Training Tips for Anytime, Anywhere
- Play tag – Younger kids might be more amenable to playing tag, but truly any age athlete can do it. I have national teams playing variations of tag. It’s great because it not only incorporates speed, but also some reaction to it. You have to be quick to avoid getting tagged. It’s really the number one thing kids should be doing. It’s easy, you can get other kids from the neighborhood involved and have some fun.
- Sprint to the max – If you can find a patch of grass or a sidewalk or a street, you can do sprints. It should be around 20-40 yards for a hockey player so you can hit top velocity. Give max effort, followed by sufficient rest and then rinse-repeat. In between sprints, rest until you feel good enough to do it again. A player can time themselves, or have a parent or friend time them and try to record a personal best each time.

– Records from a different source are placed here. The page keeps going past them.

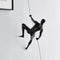 Glossy Black Wall Sculpture Climbing 15" Man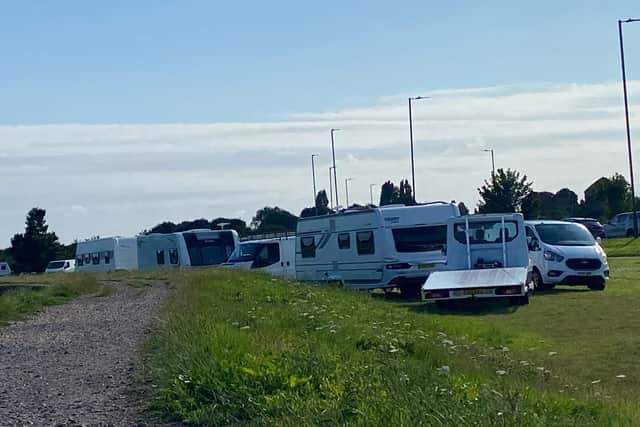 Travellers pictured at Milton Common on Thursday evening.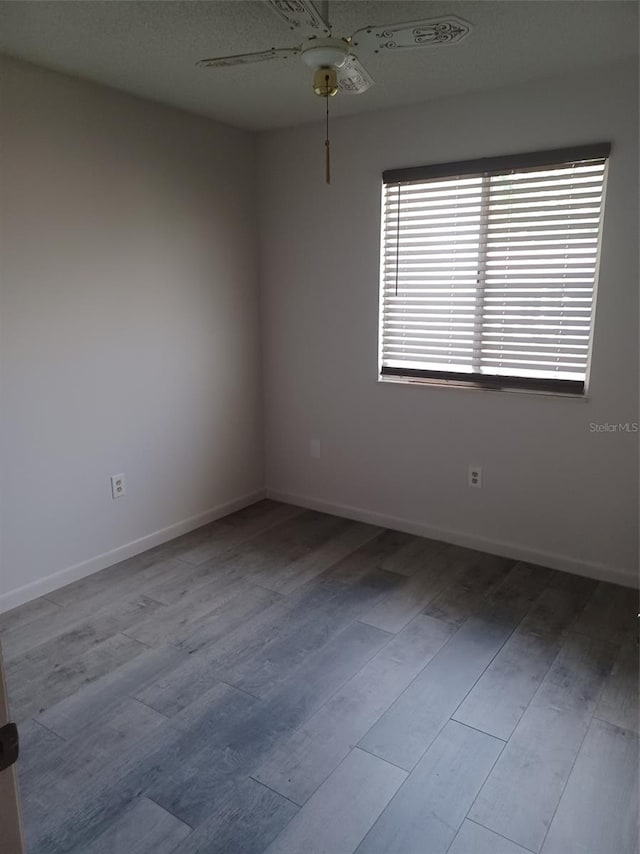 unfurnished room featuring ceiling fan and light hardwood / wood-style flooring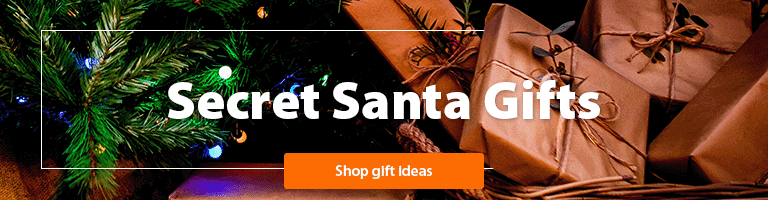 A photo of a Christmas tree with presents underneath with a "Secret Santa Gifts, shop now" heading 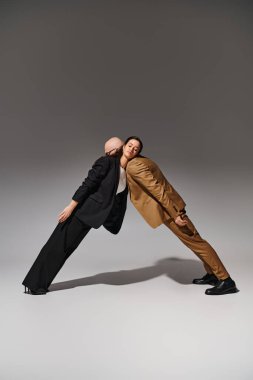 Young artistic couple in business attire performing a mirror dance move in studio with grey backdrop clipart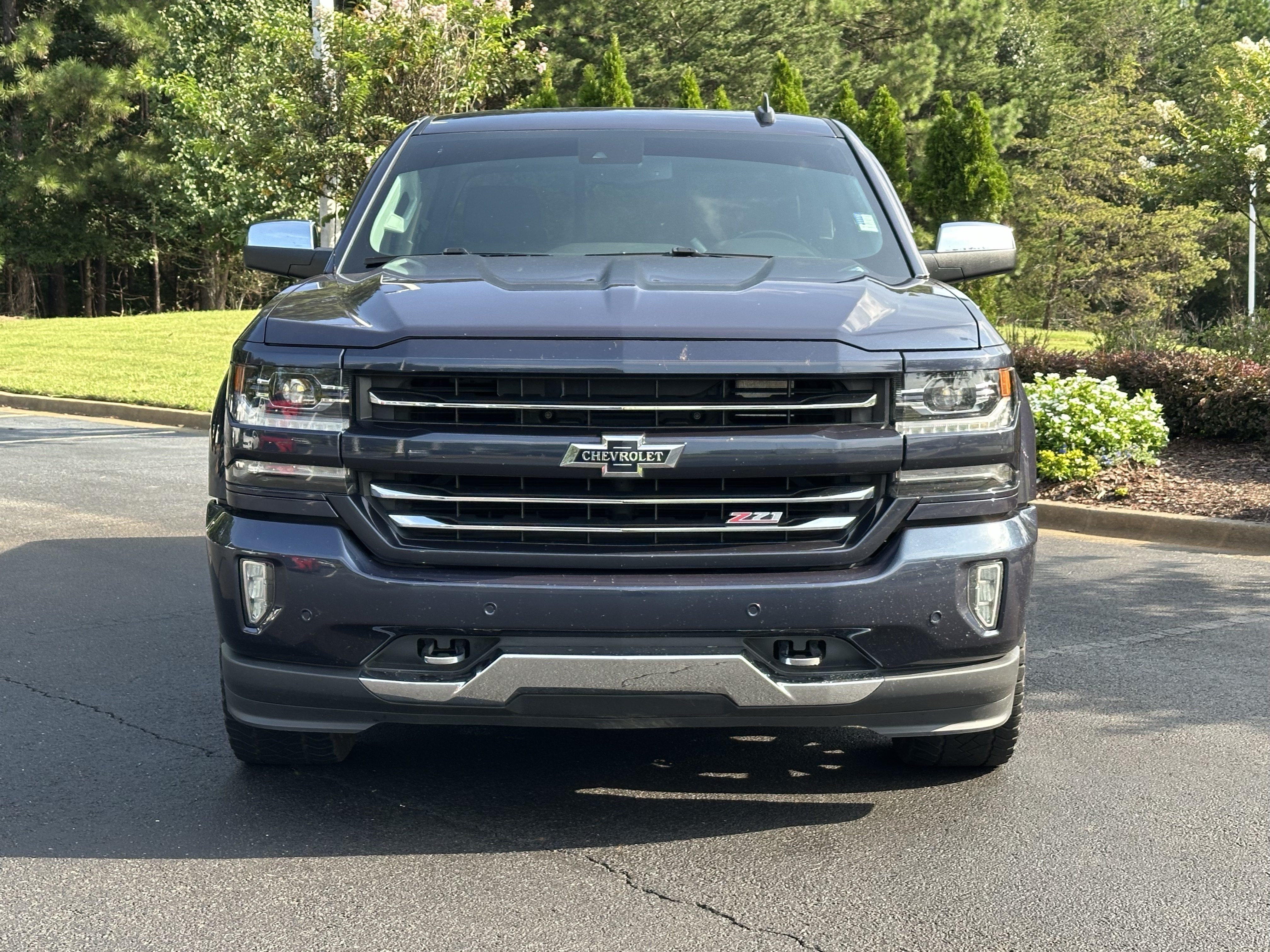 Used 2018 Chevrolet Silverado 1500 LTZ Z71 w/ Centennial Edition AWD/4WD image 3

- Get low – Getting low enough to generate stride power is a common issue people face. One thing you can do are squats – squat lower to skate faster. You can go rollerblading and do sprints, or intervals, where a kid can go for 45-seconds of exaggerated low skating and then rest and repeat. You’re training your body to get low.
- Don’t worry too much about weights – When people think about strength, they tend to think about how much you can bench press in the weight room. But for a hockey player, it’s lower body, then core, then upper body. We’ve seen players at the NHL Combine struggle to do things like pull-ups. Well, the sport doesn’t require players to do pull-ups. Unilateral leg strength will translate best into on-ice skating performance and younger players don’t need to move weights to benefit. Players can do single-leg squats, striders, cross-under lunges and more to improve leg strength. It’s important to do everything on one leg, be intentional about pushing quickly on the way up and controlled on the way down, because in hockey, you don’t skate with both feet moving at the same time. You stride with one and hold with another.
How Parents Can Help
According to Levine, parents can help by creating an environment that’s conducive to the action. He advises hockey moms and dads to be supportive and encouraging, but not take their kid to the park and force them through a workout.
“Especially at the younger ages, take them to the park and let them play. They’ll naturally do things that will provide benefit,” he says. “Playing multiple sports, having unstructured outdoor play like monkey bars, climbing, jumping, having to navigate small areas on the playground. It will all help them to be more well-rounded athletically.”